=== Begin Enclosure ===
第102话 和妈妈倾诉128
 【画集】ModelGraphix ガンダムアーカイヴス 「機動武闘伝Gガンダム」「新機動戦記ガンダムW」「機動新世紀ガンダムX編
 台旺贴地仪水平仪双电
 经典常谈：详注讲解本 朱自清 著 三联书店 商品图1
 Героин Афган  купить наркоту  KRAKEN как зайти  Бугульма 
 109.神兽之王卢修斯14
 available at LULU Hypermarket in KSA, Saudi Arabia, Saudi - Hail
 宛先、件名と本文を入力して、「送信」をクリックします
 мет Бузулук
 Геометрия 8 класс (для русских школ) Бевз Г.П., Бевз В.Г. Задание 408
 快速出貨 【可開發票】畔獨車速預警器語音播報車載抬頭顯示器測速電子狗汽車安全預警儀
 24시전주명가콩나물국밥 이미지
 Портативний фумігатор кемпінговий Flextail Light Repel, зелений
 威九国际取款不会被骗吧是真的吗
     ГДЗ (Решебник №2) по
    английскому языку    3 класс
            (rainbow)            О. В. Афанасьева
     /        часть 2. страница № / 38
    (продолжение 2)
=== End Enclosure ===
_Action item_
Transcribe the material in full; every line must match exactly.

_Result_
第102话 和妈妈倾诉128
 【画集】ModelGraphix ガンダムアーカイヴス 「機動武闘伝Gガンダム」「新機動戦記ガンダムW」「機動新世紀ガンダムX編
 台旺贴地仪水平仪双电
 经典常谈：详注讲解本 朱自清 著 三联书店 商品图1
 Героин Афган  купить наркоту  KRAKEN как зайти  Бугульма 
 109.神兽之王卢修斯14
 available at LULU Hypermarket in KSA, Saudi Arabia, Saudi - Hail
 宛先、件名と本文を入力して、「送信」をクリックします
 мет Бузулук
 Геометрия 8 класс (для русских школ) Бевз Г.П., Бевз В.Г. Задание 408
 快速出貨 【可開發票】畔獨車速預警器語音播報車載抬頭顯示器測速電子狗汽車安全預警儀
 24시전주명가콩나물국밥 이미지
 Портативний фумігатор кемпінговий Flextail Light Repel, зелений
 威九国际取款不会被骗吧是真的吗
     ГДЗ (Решебник №2) по
    английскому языку    3 класс
            (rainbow)            О. В. Афанасьева
     /        часть 2. страница № / 38
    (продолжение 2)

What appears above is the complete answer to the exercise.